Instructions to follow:
Stop after the line with "Game pieces forming"; until then, please copy every line of the records word for word from the first.

(Items from a dataset)
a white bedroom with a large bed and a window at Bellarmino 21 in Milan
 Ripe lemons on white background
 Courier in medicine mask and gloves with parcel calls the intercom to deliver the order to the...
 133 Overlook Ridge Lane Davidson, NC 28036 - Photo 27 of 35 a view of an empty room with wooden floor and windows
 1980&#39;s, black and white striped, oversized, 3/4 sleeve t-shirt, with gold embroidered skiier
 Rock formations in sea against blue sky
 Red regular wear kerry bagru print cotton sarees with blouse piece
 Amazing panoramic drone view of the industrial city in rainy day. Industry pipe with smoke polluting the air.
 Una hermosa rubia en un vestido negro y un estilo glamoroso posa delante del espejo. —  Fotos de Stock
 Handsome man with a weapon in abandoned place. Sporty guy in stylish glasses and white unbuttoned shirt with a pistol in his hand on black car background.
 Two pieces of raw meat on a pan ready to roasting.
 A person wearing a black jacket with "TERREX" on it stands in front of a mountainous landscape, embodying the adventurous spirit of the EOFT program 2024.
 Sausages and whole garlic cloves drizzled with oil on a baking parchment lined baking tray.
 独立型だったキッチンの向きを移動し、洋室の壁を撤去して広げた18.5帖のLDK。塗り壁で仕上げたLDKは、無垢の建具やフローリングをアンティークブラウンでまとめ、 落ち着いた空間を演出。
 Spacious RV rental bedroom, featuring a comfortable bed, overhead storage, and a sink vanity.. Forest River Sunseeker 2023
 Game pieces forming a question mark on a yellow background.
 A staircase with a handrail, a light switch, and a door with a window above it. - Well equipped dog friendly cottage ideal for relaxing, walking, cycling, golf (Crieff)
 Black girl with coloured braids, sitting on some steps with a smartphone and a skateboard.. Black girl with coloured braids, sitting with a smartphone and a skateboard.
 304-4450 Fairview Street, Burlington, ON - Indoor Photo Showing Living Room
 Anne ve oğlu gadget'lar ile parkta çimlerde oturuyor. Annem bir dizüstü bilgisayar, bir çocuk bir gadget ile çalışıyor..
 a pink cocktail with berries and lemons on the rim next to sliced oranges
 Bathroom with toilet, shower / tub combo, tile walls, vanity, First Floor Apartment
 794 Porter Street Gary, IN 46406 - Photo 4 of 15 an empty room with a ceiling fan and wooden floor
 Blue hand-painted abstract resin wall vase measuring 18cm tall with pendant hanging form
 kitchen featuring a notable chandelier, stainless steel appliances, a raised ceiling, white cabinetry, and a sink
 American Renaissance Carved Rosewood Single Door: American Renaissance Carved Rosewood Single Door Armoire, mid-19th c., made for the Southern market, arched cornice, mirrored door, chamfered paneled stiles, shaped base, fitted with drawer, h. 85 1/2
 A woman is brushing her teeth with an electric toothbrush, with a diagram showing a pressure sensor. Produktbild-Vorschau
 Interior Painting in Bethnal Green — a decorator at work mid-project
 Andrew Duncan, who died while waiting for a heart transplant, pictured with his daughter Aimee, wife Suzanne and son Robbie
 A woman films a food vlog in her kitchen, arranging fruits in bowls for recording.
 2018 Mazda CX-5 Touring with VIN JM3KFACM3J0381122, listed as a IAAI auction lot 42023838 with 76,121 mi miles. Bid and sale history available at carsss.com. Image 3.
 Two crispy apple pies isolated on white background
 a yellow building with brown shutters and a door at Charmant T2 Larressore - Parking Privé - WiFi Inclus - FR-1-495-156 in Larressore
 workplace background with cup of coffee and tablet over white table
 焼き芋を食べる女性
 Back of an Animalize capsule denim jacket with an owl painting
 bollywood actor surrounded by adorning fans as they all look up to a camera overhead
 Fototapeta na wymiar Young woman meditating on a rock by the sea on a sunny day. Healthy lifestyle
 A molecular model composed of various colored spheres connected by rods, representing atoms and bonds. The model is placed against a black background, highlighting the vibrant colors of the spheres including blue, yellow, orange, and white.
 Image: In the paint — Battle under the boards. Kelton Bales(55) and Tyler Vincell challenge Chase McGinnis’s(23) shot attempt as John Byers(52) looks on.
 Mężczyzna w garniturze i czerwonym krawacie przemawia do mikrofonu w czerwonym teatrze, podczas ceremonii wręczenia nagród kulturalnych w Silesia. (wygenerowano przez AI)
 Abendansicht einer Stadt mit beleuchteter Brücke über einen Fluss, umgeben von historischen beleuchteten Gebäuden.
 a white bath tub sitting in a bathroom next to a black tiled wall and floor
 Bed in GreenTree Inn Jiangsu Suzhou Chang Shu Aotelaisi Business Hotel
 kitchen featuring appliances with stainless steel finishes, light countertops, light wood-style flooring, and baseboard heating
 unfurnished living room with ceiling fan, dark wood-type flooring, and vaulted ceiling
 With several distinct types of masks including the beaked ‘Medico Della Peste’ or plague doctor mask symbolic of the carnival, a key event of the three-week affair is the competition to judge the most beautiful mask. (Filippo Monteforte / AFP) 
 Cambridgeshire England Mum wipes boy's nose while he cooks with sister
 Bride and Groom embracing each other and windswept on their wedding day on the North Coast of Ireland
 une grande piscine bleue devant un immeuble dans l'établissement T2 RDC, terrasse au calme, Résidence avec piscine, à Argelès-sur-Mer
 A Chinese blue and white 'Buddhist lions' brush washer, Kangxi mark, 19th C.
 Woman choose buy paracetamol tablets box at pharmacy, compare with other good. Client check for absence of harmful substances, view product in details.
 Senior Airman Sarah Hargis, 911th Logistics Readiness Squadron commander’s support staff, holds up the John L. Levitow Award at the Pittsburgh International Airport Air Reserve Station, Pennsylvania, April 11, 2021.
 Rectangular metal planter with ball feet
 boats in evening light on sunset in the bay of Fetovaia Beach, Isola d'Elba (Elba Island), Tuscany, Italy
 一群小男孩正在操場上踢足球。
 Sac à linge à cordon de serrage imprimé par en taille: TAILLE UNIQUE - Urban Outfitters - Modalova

Task result:
a white bedroom with a large bed and a window at Bellarmino 21 in Milan
 Ripe lemons on white background
 Courier in medicine mask and gloves with parcel calls the intercom to deliver the order to the...
 133 Overlook Ridge Lane Davidson, NC 28036 - Photo 27 of 35 a view of an empty room with wooden floor and windows
 1980&#39;s, black and white striped, oversized, 3/4 sleeve t-shirt, with gold embroidered skiier
 Rock formations in sea against blue sky
 Red regular wear kerry bagru print cotton sarees with blouse piece
 Amazing panoramic drone view of the industrial city in rainy day. Industry pipe with smoke polluting the air.
 Una hermosa rubia en un vestido negro y un estilo glamoroso posa delante del espejo. —  Fotos de Stock
 Handsome man with a weapon in abandoned place. Sporty guy in stylish glasses and white unbuttoned shirt with a pistol in his hand on black car background.
 Two pieces of raw meat on a pan ready to roasting.
 A person wearing a black jacket with "TERREX" on it stands in front of a mountainous landscape, embodying the adventurous spirit of the EOFT program 2024.
 Sausages and whole garlic cloves drizzled with oil on a baking parchment lined baking tray.
 独立型だったキッチンの向きを移動し、洋室の壁を撤去して広げた18.5帖のLDK。塗り壁で仕上げたLDKは、無垢の建具やフローリングをアンティークブラウンでまとめ、 落ち着いた空間を演出。
 Spacious RV rental bedroom, featuring a comfortable bed, overhead storage, and a sink vanity.. Forest River Sunseeker 2023
 Game pieces forming a question mark on a yellow background.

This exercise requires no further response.